Crawled caption data:
━━━━━━

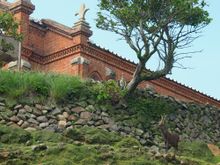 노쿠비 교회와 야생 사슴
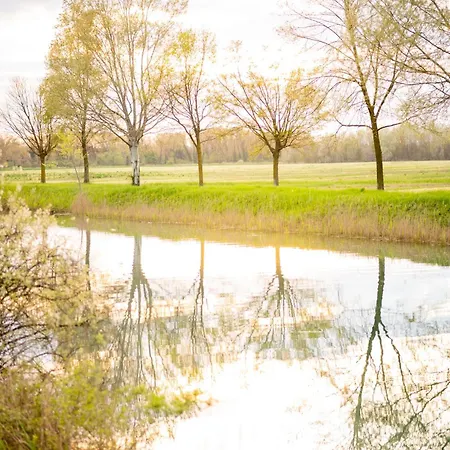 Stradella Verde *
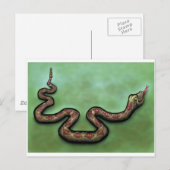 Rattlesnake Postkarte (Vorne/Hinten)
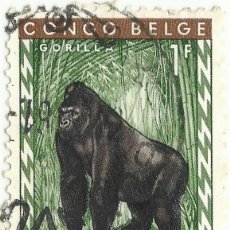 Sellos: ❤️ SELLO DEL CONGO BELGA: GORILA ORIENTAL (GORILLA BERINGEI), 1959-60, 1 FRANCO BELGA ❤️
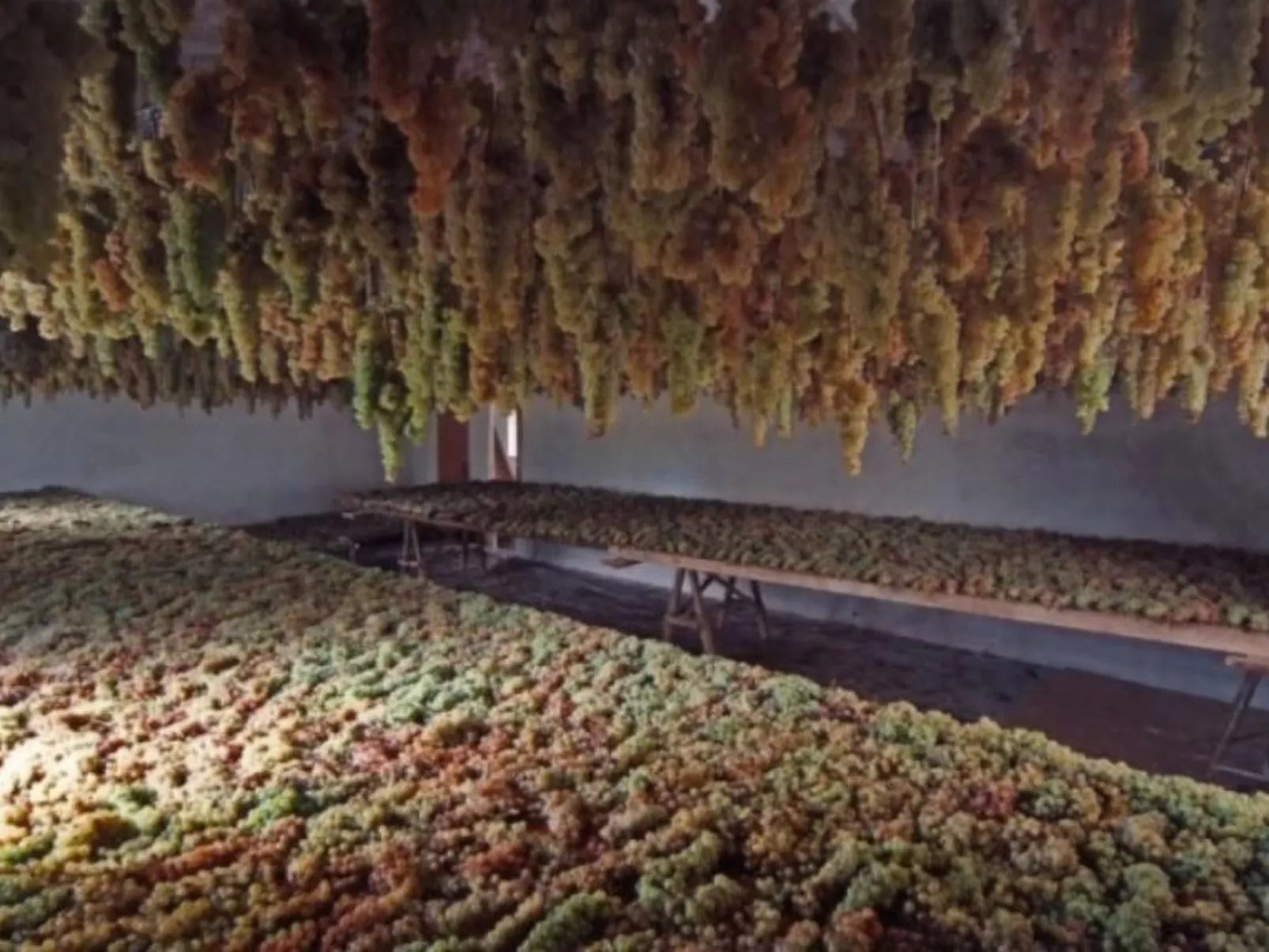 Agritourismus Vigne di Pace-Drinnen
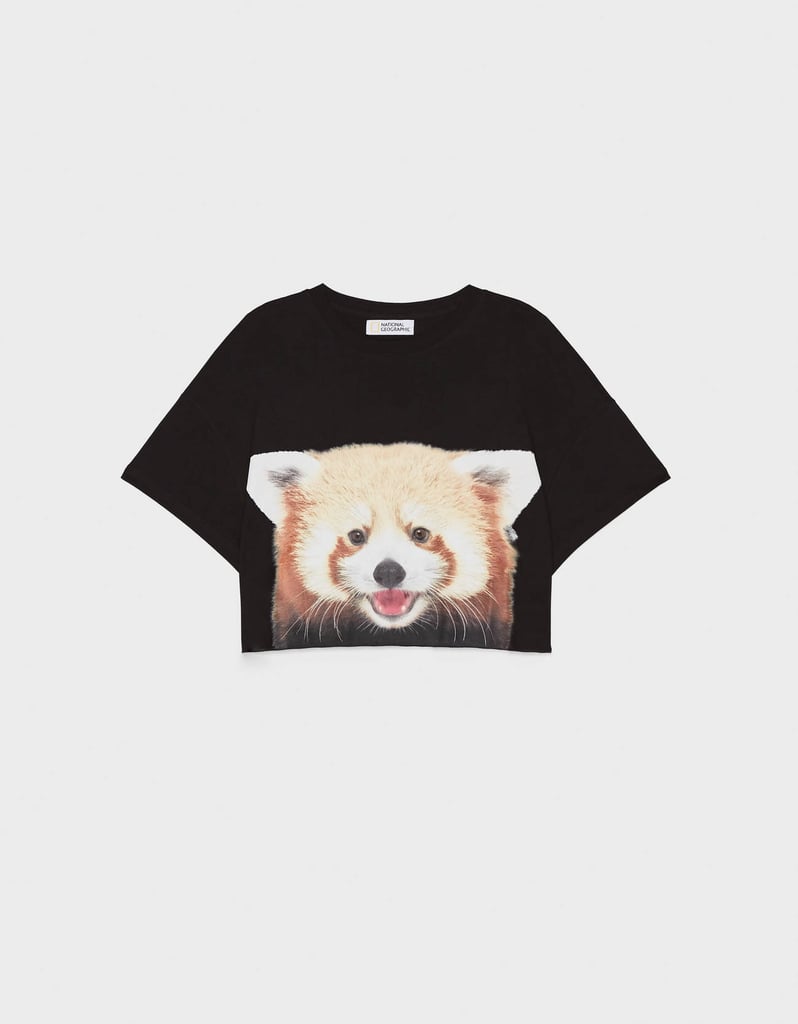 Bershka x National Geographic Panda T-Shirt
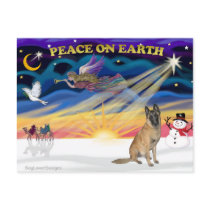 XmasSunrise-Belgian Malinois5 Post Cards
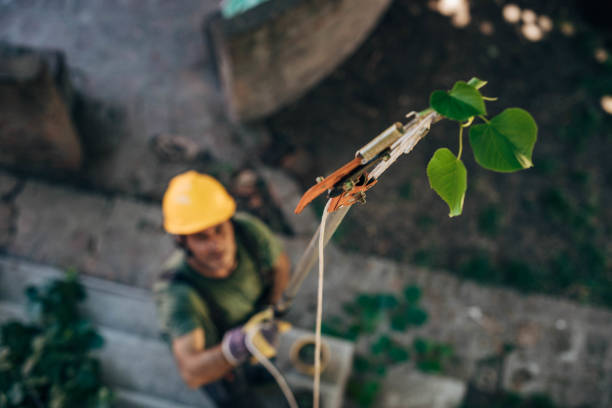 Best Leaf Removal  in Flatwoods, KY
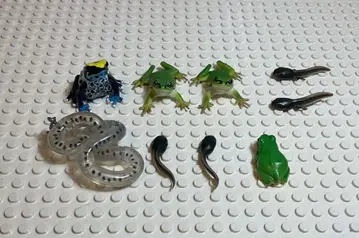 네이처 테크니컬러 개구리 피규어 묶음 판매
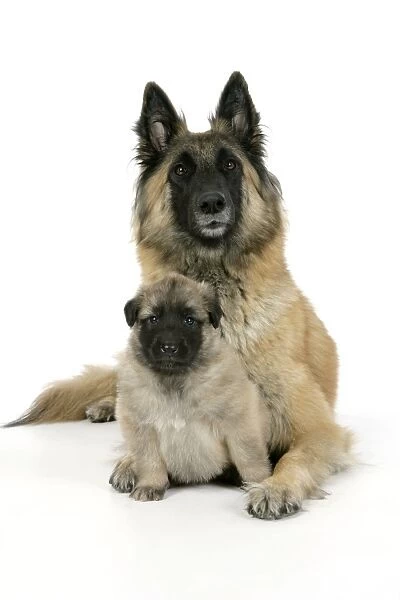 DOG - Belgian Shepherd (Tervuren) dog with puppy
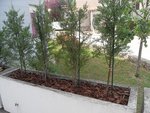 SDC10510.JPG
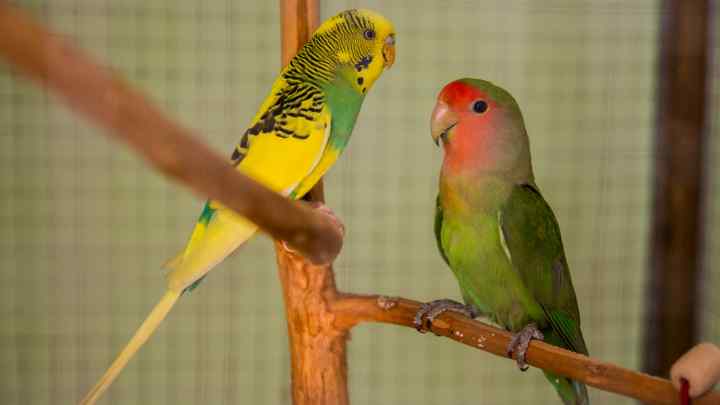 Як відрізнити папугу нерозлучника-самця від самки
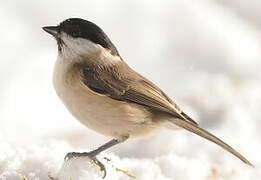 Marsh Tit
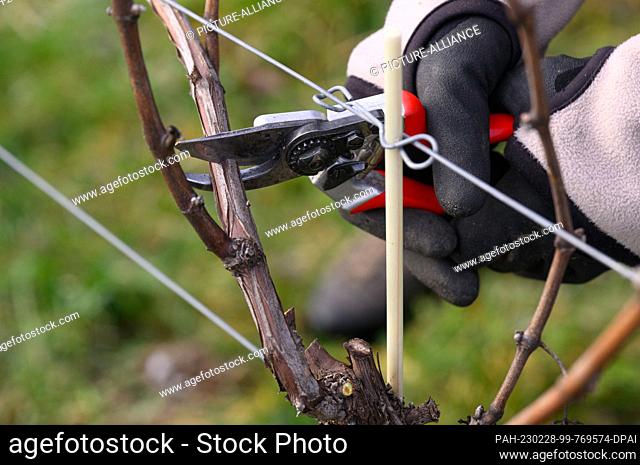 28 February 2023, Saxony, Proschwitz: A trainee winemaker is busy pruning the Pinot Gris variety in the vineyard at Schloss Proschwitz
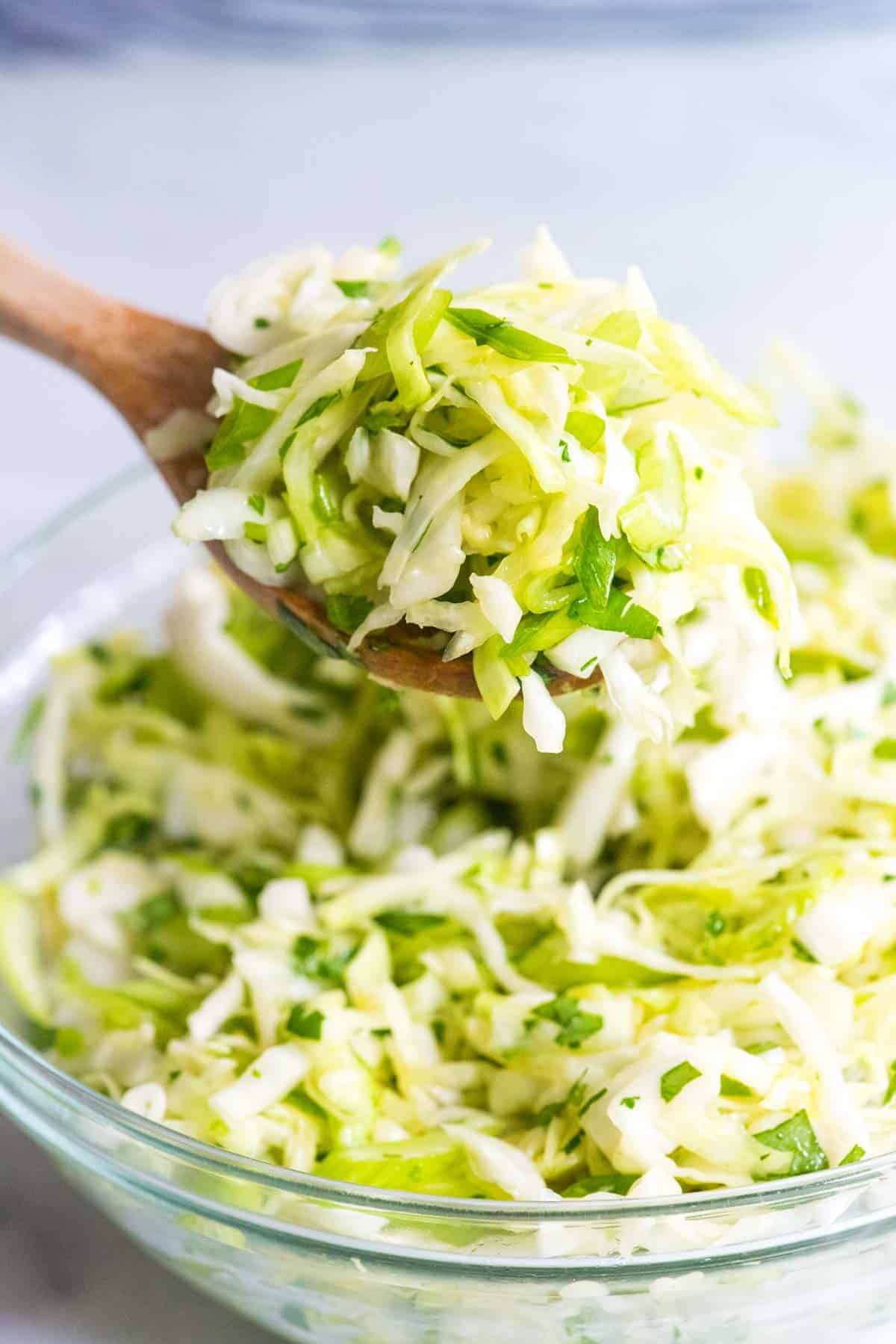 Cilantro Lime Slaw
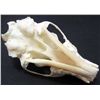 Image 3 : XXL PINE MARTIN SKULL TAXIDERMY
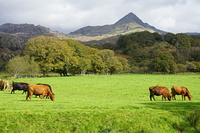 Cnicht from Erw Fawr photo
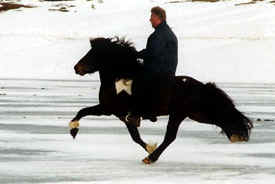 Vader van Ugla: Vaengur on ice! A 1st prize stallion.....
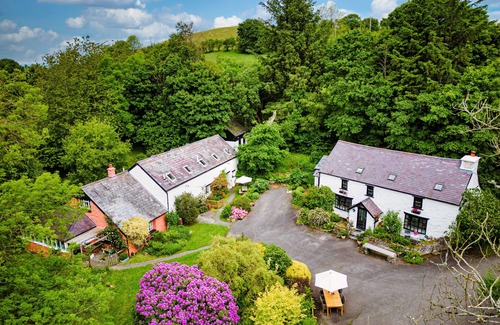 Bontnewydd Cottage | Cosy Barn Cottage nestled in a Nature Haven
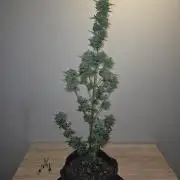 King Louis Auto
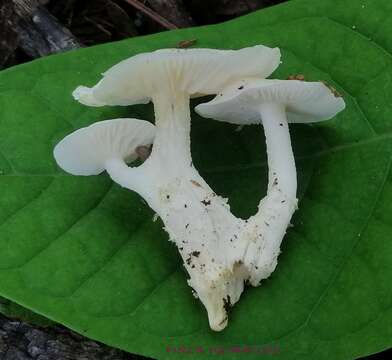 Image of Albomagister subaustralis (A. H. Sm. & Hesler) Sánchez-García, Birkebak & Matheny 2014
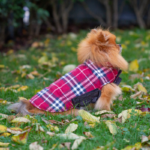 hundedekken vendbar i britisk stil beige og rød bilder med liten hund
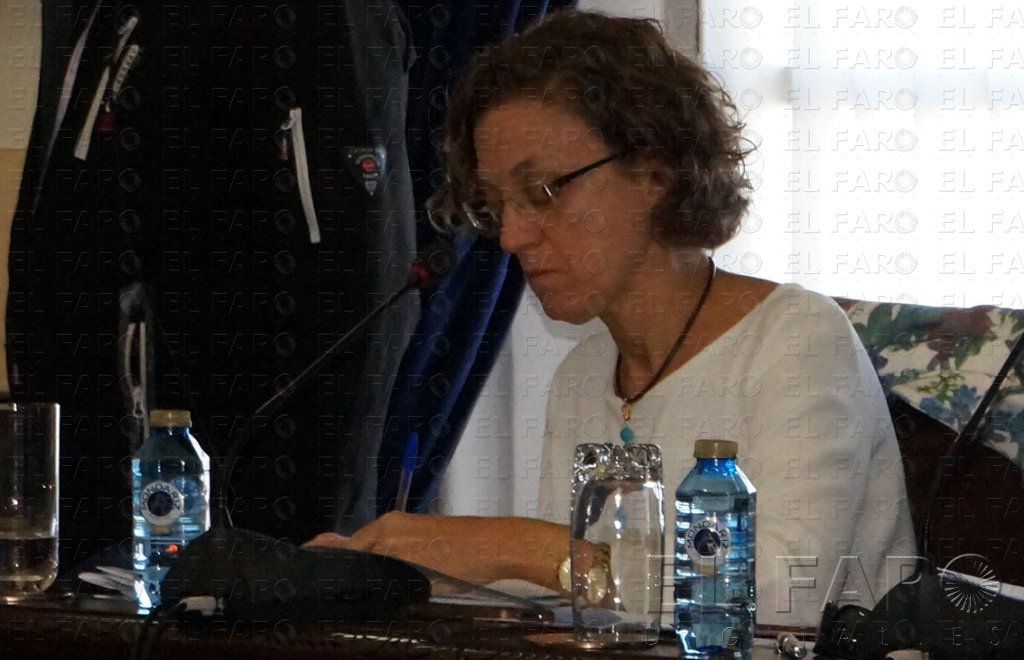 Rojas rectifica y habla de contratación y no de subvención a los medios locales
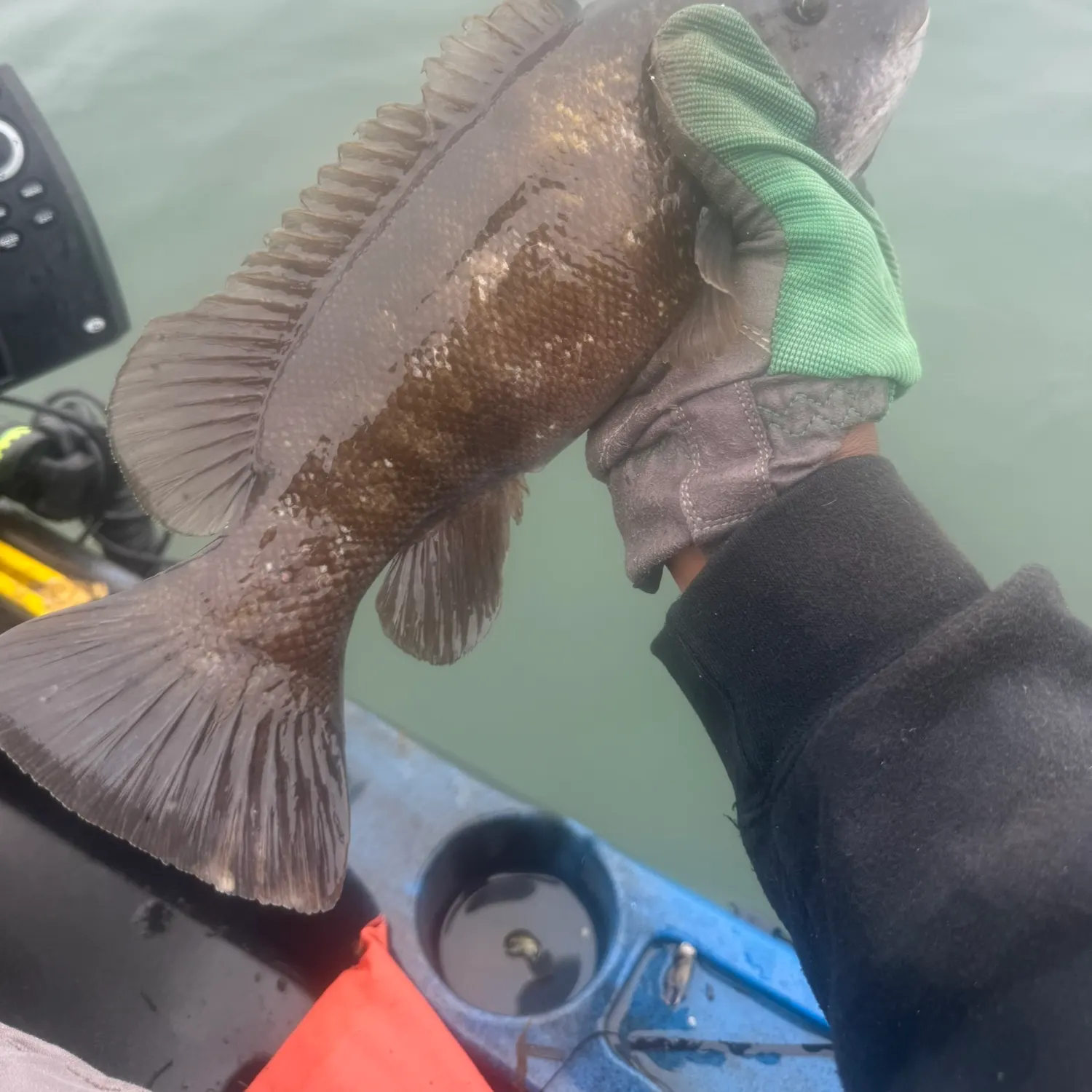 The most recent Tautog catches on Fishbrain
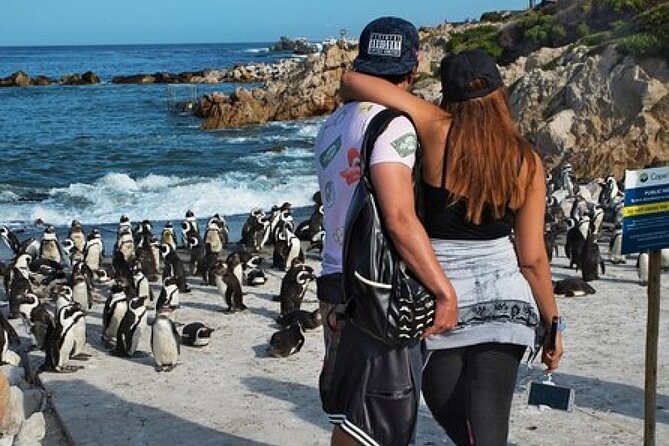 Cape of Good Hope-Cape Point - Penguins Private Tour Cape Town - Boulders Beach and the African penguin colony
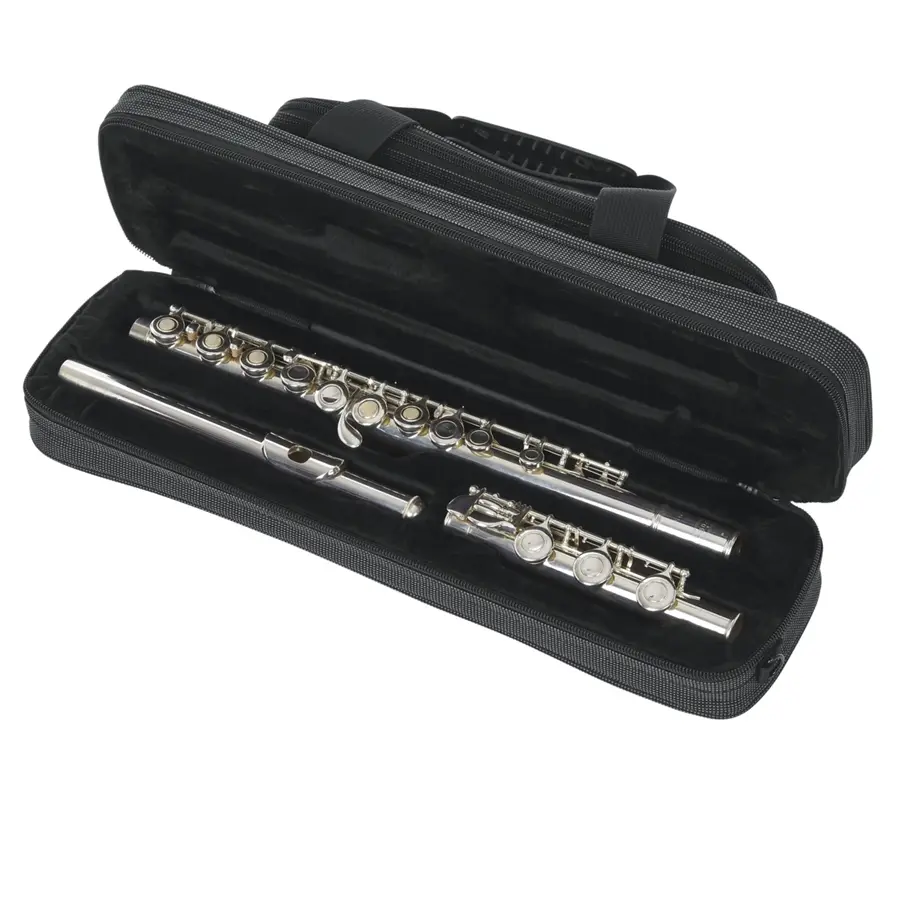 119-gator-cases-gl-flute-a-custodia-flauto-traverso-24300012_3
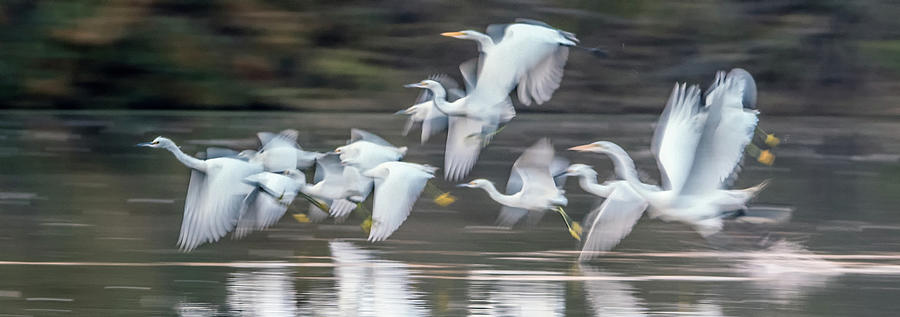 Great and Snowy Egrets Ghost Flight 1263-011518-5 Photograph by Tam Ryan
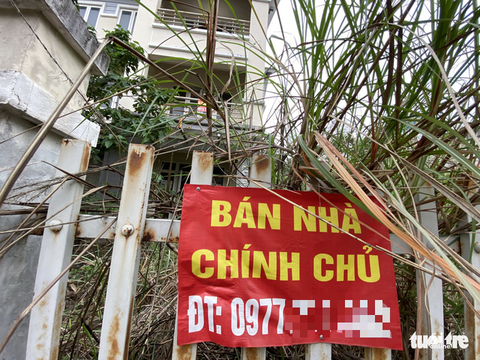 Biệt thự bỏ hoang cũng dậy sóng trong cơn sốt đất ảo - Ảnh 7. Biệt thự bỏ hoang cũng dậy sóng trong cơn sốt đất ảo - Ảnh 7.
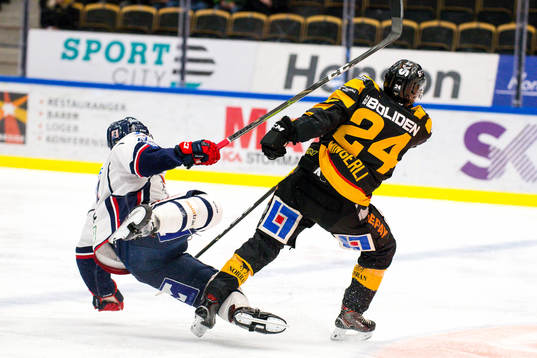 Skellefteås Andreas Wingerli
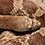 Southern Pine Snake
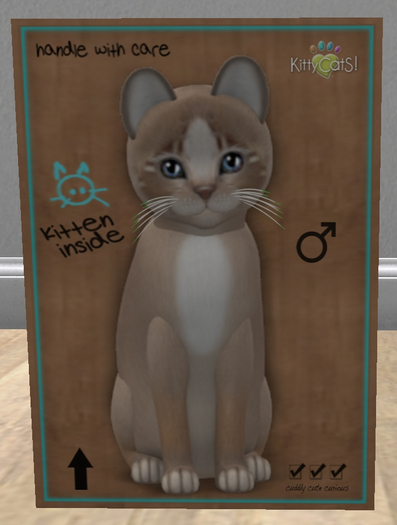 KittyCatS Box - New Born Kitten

━━━━━━

Task item: The entries are to be reproduced exactly, excluding any pictures they contain.

Answer for the task:
 노쿠비 교회와 야생 사슴
 Stradella Verde *
 Rattlesnake Postkarte (Vorne/Hinten)
 Sellos: ❤️ SELLO DEL CONGO BELGA: GORILA ORIENTAL (GORILLA BERINGEI), 1959-60, 1 FRANCO BELGA ❤️
 Agritourismus Vigne di Pace-Drinnen
 Bershka x National Geographic Panda T-Shirt
 XmasSunrise-Belgian Malinois5 Post Cards
 Best Leaf Removal  in Flatwoods, KY
 네이처 테크니컬러 개구리 피규어 묶음 판매
 DOG - Belgian Shepherd (Tervuren) dog with puppy
 SDC10510.JPG
 Як відрізнити папугу нерозлучника-самця від самки
 Marsh Tit
 28 February 2023, Saxony, Proschwitz: A trainee winemaker is busy pruning the Pinot Gris variety in the vineyard at Schloss Proschwitz
 Cilantro Lime Slaw
 Image 3 : XXL PINE MARTIN SKULL TAXIDERMY
 Cnicht from Erw Fawr photo
 Vader van Ugla: Vaengur on ice! A 1st prize stallion.....
 Bontnewydd Cottage | Cosy Barn Cottage nestled in a Nature Haven
 King Louis Auto
 Image of Albomagister subaustralis (A. H. Sm. & Hesler) Sánchez-García, Birkebak & Matheny 2014
 hundedekken vendbar i britisk stil beige og rød bilder med liten hund
 Rojas rectifica y habla de contratación y no de subvención a los medios locales
 The most recent Tautog catches on Fishbrain
 Cape of Good Hope-Cape Point - Penguins Private Tour Cape Town - Boulders Beach and the African penguin colony
 119-gator-cases-gl-flute-a-custodia-flauto-traverso-24300012_3
 Great and Snowy Egrets Ghost Flight 1263-011518-5 Photograph by Tam Ryan
 Biệt thự bỏ hoang cũng dậy sóng trong cơn sốt đất ảo - Ảnh 7. Biệt thự bỏ hoang cũng dậy sóng trong cơn sốt đất ảo - Ảnh 7.
 Skellefteås Andreas Wingerli
 Southern Pine Snake
 KittyCatS Box - New Born Kitten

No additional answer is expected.